Saturday, July 11, 2009

I was reading this column the other day, and had a good chuckle... then I realized, I was chuckling because I understood the references... and then I realized, I might just fall into some of these categories!!!

I picked a few of my favourites from the list "You know you've lived in Indonesia too long when..." (which actually had about 100 items on it - several I believe to be specific to living in Jakarta, which, very very thankfully, I don't!). I've included my favourites below, and added a few of my own. But just a warning, those of you who have never visited or lived in Indonesia, and who don't like to be perplexed, you might be really bored, and should just skip this blog post!


You know you've lived in Indonesia too long when...

* You too believe traffic lanes, stop signs and one way streets are mere suggestions and that sidewalks were meant to drive on or they wouldn't have paved them.

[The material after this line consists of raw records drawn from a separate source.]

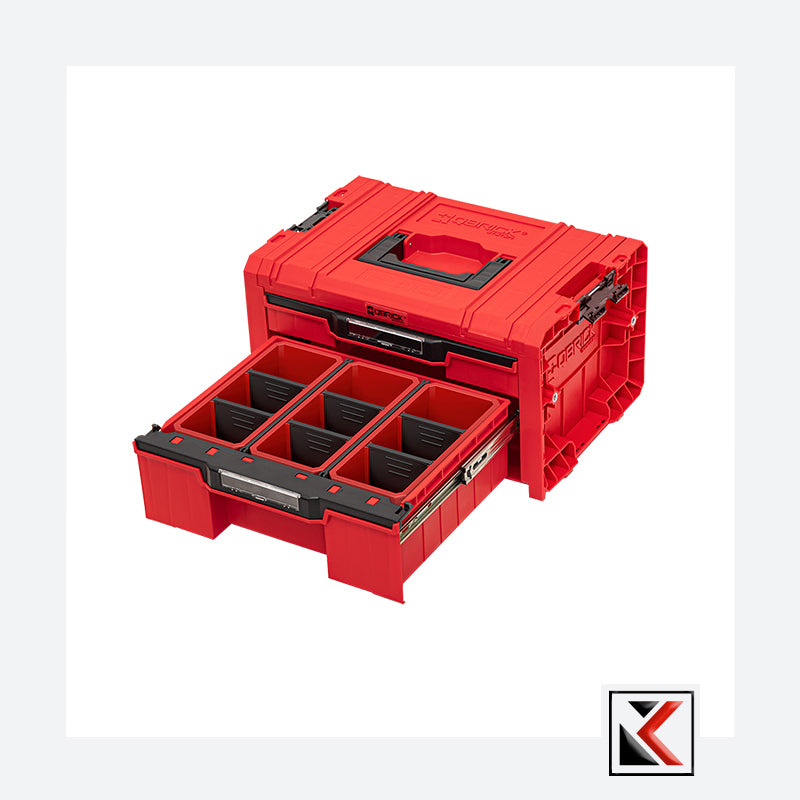Qbrick System PRO Drawer 2 Toolbox 2.0 Expert RED Ultra HD Custom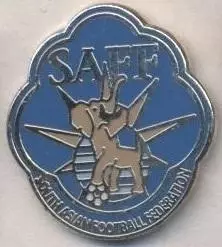 Південна Азія конфедер.футболу ЕМАЛЬ /SAFF South Asia football confederation pin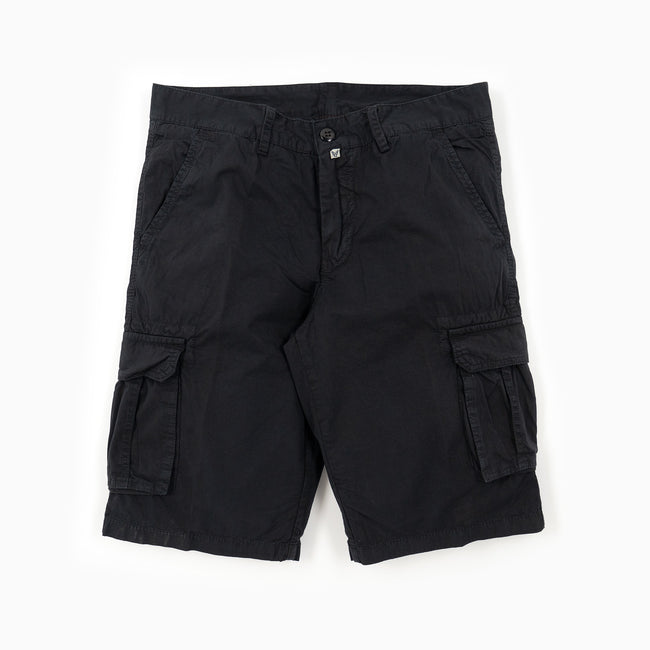 Vintage Gabardine Cargo Shorts - Dark Blue (Restock)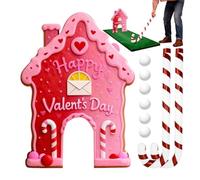 Gingerbread Golf Game - Funny Portable Indoor Outdoor Holiday Mini Toy, Gingerbread Christmas Mini Game Set for Home Room Party Holiday Gatherings Carnival Family Fun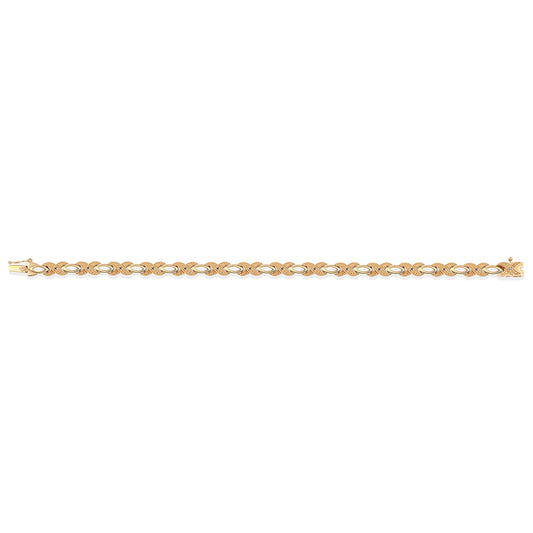 Goldplattiertes Silberarmband mit blauem Diamant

You also tend to use your rear-view mirror as a distance gauge, not to check traffic... because 'if it's behind you, it doesn't exist'!

* You can drive 60 kmh two inches from cars on either side of you, but cannot back into a parking space in an empty lot without two guys yelling “Kiri…Kiri Terus, Terus, Terus…”

* You differentiate between the rats that are ok to find in your house, and the ones that are not

* The footprints on the toilet seat are your own (*I finally understand the reason for the sign I saw ages ago in the bathroom in the Manado Mall...)

* You no longer wait in line, but immediately go to the head of the queue (I'm still WAY too Canadian to do this!)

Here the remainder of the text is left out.